Israel hands over more West Bank land to Palestinians

September 10, 1999
Web posted at: 7:00 p.m. EDT (2300 GMT)

JERUSALEM (CNN) -- Israel transferred 7 percent of the West Bank to Palestinian civil control on Friday, three days ahead of deadline, giving fresh momentum to a newly reinvigorated Middle East peace process.

Israeli representatives presented Palestinian Authority President Yasser Arafat maps detailing the handover of some 400 square kilometers of the West Bank. After Arafat gave his approval, the maps were signed by Haj Ismail, commander of Palestinian national forces in the West Bank and Gaza.

Though the agreement relinquishes civil authority to the Palestinians, Israel retains overall security responsibility for the time being, and has not withdrawn any troops. But Palestinians say civil administration of the new territory -- known under the agreement as Area B -- is important.

"In these areas that are transferred to Area B, people will know: No settlements, no confiscation of land because the land becomes Palestinian, no house demolition, nothing of this," said chief Palestinian negotiator Saeb Erakat.

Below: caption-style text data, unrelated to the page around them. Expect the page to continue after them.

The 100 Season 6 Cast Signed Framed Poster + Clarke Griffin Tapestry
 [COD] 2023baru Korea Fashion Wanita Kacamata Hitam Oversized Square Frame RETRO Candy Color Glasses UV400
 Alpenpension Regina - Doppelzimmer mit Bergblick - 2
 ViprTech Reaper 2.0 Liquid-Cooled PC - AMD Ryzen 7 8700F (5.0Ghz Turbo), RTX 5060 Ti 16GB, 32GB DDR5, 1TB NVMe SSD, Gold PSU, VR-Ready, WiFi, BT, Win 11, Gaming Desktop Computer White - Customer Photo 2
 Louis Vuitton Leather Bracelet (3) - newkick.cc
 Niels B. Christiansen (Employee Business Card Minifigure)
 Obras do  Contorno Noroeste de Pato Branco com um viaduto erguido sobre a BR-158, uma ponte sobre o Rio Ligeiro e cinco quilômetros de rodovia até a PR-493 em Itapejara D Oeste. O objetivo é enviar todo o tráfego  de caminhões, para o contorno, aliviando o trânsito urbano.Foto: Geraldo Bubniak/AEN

First land transfer since November

The handover was the first transfer of land since Israel withdrew from 2 percent of the West Bank last November under former Prime Minister Benjamin Netanyahu. Israel froze the Wye River land-for-security accord one month later, accusing the Palestinians of failing to fulfill their security responsibilities.

Israel tightened security in public places, such as the Jerusalem market where people completed their preparations for the Jewish New Year  

Wye sprang back to life last weekend, when Israeli Prime Minister Ehud Barak and Arafat signed a revised accord in Egypt. On Thursday, Israel took its first step in implementing the new deal, releasing 199 Palestinian prisoners.

Jewish settlers, who have vowed to rally against the agreement, mounted no immediate protests Friday as Israel prepared to usher in the two-day Jewish New Year starting at sundown.

But the main opposition Likud party criticized Barak for "handing Arafat territory without the Palestinians having fulfilled even one of their commitments in the Wye agreement."

Israel has pledged to complete two further phases of withdrawal from the West Bank -- one in October and another in January -- effectively giving Palestinians control of more than 40 percent of the territory.

On Monday, Israeli and Palestinian negotiators will formally launch "final status" talks on a permanent peace agreement.

The two sides have set February 15 as a target date for reaching the outlines of a final peace deal and September 2000 as the deadline for the agreement itself. In the agreement, the two sides have to settle thorny issues such as Palestinian statehood, final borders, the status of Jerusalem, the future of the settlements and the fate of millions of Palestinian refugees.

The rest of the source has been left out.